__Exercise__:
Would you copy each line of the records that includes the word "Toyota"?
(Dataset records)
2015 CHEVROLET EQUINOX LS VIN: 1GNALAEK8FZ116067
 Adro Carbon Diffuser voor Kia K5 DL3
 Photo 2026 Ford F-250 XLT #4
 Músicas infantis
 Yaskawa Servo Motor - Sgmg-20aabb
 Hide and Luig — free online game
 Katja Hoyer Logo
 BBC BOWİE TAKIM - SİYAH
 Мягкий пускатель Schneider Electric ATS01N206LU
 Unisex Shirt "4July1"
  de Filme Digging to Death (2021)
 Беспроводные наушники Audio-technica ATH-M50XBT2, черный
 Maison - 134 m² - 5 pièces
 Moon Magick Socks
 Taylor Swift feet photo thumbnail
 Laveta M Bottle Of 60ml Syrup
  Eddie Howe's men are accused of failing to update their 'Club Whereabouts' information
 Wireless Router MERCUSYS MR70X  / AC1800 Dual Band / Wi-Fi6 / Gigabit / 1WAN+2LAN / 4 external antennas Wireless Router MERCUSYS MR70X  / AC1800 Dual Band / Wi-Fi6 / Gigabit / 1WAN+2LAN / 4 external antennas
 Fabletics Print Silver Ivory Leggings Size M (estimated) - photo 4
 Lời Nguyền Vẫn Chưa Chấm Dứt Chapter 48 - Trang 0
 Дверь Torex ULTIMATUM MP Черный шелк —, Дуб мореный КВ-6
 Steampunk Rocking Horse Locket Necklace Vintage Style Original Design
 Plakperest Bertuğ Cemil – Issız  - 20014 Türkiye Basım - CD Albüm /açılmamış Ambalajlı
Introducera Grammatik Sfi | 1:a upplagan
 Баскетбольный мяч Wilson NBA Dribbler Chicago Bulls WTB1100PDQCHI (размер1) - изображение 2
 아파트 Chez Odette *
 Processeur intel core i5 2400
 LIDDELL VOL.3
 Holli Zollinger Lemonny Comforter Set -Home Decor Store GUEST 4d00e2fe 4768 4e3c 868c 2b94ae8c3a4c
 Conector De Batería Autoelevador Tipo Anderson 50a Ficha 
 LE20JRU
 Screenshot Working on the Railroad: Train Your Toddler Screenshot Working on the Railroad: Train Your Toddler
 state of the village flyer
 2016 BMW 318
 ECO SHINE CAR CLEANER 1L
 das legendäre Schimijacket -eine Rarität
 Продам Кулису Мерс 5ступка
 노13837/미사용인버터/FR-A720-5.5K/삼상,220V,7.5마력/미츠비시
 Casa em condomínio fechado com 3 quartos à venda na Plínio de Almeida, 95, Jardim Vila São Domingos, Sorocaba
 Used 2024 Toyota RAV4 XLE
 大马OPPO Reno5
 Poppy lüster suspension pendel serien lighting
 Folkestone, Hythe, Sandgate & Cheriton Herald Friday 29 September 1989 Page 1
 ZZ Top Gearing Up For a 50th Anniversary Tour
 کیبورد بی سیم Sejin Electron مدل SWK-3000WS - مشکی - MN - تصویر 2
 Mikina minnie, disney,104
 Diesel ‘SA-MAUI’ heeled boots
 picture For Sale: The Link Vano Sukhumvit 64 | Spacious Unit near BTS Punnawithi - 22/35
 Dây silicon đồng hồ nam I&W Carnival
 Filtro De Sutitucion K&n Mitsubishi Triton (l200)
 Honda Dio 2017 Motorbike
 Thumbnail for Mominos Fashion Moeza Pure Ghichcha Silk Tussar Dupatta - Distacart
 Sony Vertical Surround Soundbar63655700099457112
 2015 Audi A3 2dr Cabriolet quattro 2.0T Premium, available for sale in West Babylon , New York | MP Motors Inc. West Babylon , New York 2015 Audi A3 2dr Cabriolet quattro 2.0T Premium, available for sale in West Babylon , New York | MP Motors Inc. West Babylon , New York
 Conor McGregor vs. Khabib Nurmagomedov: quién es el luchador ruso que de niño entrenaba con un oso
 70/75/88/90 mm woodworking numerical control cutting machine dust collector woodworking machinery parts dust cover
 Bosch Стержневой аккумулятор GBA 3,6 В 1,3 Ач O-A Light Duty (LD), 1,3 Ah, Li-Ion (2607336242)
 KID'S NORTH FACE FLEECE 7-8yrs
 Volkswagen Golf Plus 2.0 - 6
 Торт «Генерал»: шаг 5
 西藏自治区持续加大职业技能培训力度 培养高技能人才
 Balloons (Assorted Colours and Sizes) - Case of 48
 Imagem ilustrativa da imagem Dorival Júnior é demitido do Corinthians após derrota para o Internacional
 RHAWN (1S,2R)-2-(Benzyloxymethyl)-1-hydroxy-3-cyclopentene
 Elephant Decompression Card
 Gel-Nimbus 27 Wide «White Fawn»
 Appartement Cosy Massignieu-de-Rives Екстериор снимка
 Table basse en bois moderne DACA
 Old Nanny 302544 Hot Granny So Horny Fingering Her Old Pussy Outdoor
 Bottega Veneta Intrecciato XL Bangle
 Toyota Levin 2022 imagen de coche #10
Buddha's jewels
(End Dataset records)
__Exercise output__:
 Used 2024 Toyota RAV4 XLE
 Toyota Levin 2022 imagen de coche #10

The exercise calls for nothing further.